A Study of KC1086 in Patients With Advanced Solid Tumors
- Registration Number
- NCT07118709
- Lead Sponsor
- Beijing Konruns Pharmaceutical Co., Ltd.
- Brief Summary
The purpose of this study is to evaluate the safety,tolerability, pharmacokinetics, and preliminary efficacy of KC1086 in participants with advanced recurrent or metastatic solid tumors. The trial will be divided into two parts: dose-escalation phase and dose-expansion phase.
- Detailed Description
Not available
Recruitment & Eligibility
- Status
- NOT_YET_RECRUITING
- Sex
- All
- Target Recruitment
- 66
- Histologically or cytologically confirmed recurrent or metastatic solid tumors;
- Patients who have failed standard or conventional treatment or for whom no standard treatment is available( definition of treatment failure: intolerable toxic and side effects, disease progression during treatment recurrence after treatment);
- Participants with advanced recurrent, unresectable, and/or metastatic tumors must have evaluable or measurable lesions (according to RECIST 1.1);
- Eastern Cooperative Oncology Group performance status score of 0 or 1;
- Life expectancy > 12 weeks;
- Adequate bone marrow, renal, and hepatic function;
- Patients should participate in the study voluntarily and sign informed consent.
- Any patient who is known to have untreated central nervous system (CNS) metastasis;
- Other kinds of malignancies within 5 years;
- Gastrointestinal abnormalities;
- Cardiovascular and cerebrovascular diseases;
- Involved in other clinical trials within 4 weeks before enrollment;
- Prior anti-tumor therapies with radiotherapy, immunotherapy, operation within 4 weeks before enrollment;
- Prior anti-tumor therapies with small molecule targeting drugs within 2weeks or 5 half-lives (whichever is longer) before enrollment; Prior anti-tumor therapies with chemotherapy within 3 weeks or 5 half-lives (whichever is longer) before enrollment;
- Presence of unresolved toxicities from prior anti-tumor therapy, defined as having not resolved to NCI CTCAE 5.0 Grade 0 or 1;
- Severe infection within 4 weeks prior to enrollment;
- Uncontrolled massive ascites, pleural or pericardial effusion;
- Known history of human immunodeficiency virus (HIV) infection or current chronic or active hepatitis B or C infection requiring treatment with antiviral therapy;
- Prior therapies with KAT6 inhibitors
- Pregnant or lactating women;
- Female subjects of child-bearing potential and male subjects of reproductive capacity who do not agree to use contraceptive measures during the study and for 6 months after the end of the study.

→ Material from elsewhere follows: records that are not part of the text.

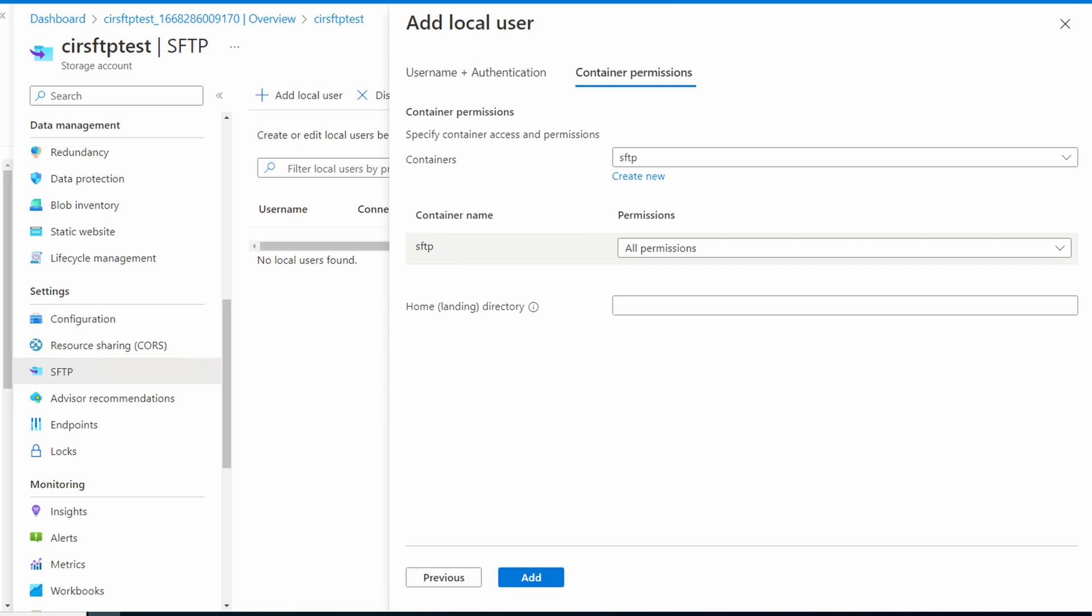Next, let's add a home directory. This is where users will start out when they log in. This setting won't prevent them from navigating outside of the home directory. Set the home to SFTP forward slash home. A home directory is required. Capitalization is important and the container has to be part of the path. Also, SFTP uses forward slashes. Let's click add to add the user.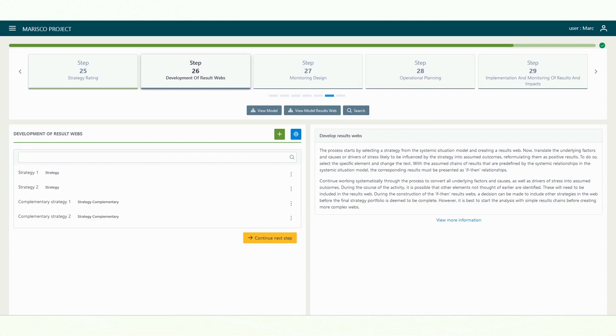They also provide initial conceptual models for predicting potential changes that management strategies will bring about in a system. As such, they enable managers to identify potential blind spots and reduce avoidable risks. In some cases, the outcomes of result webs analyses may lead to the conclusion that existing or complementary strategies are unlikely to change the situation. In this case, the strategic portfolio would have to be redesigned.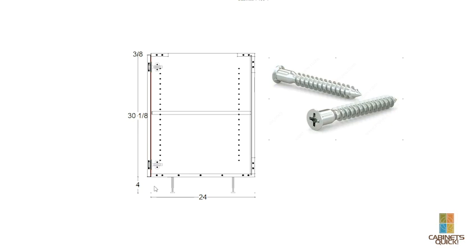So we're not just making cabinets any which way. If your cabinet manufacturer isn't using confirmat screws or using a specific construction method, you may want to reconsider purchasing from them.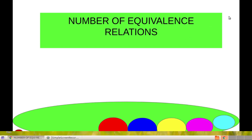Today's tutorial is about number of equivalence relations in a finite set. Before watching this video, please watch the 4 videos related to types of relations.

- Other patients are not eligible for enrollment assessed by investigators.
Study & Design
- Study Type
- INTERVENTIONAL
- Study Design
- SINGLE_GROUP
- Arm && Interventions
Group Intervention Description KC1086 KC1086 KC1086 are given orally once daily, 21 days as a cycle
- Primary Outcome Measures
Name Time Method Adverse events (AEs) approximately 3 years Incidence of treatment-related AEs
- Secondary Outcome Measures
Name Time Method Pharmacokinetics (PK) profile: Cmax approximately 3 years Peak Plasma Concentration
Pharmacokinetics (PK) profile: Tmax approximately 3 years Time to reach the maximum plasma concentration
Pharmacokinetics (PK) profile: T1/2 approximately 3 years Terminal half-life
Pharmacokinetics (PK) profile: AUC0-t and AUC0-∞ approximately 3 years Area under the single-dose plasma concentration-time curve from Hour 0 to the last quantifiable measurable plasma concentration, or Area under the single-dose plasma concentration-time curve from Hour 0 to infinity
Objective Response Rate (ORR) approximately 3 years Overall response rate (ORR) was defined as the percentage of participants with a best overall complete response (CR) or partial response (PR) per RECIST 1.1.
Progression-free survival (PFS) approximately 3 years Progression-free survival (PFS) was defined as the time from the start date of study drug to the date of the first radiologically documented progressive disease (PD) per RECIST 1.1 or death due to any cause.
Disease Control Rate (DCR) approximately 3 years Disease Control Rate (DCR) was defined as the percentage of participants with a best overall complete response (CR), partial response (PR), or stable disease (SD) per RECIST 1.1.
Duration of Response (DOR) approximately 3 years Duration of response (DOR) was defined as the time from first documented response (partial response (PR) or complete response (CR)) to the date of first documented disease progression (PD) or death due to any cause, among patients with a confirmed PR or CR per RECIST 1.1.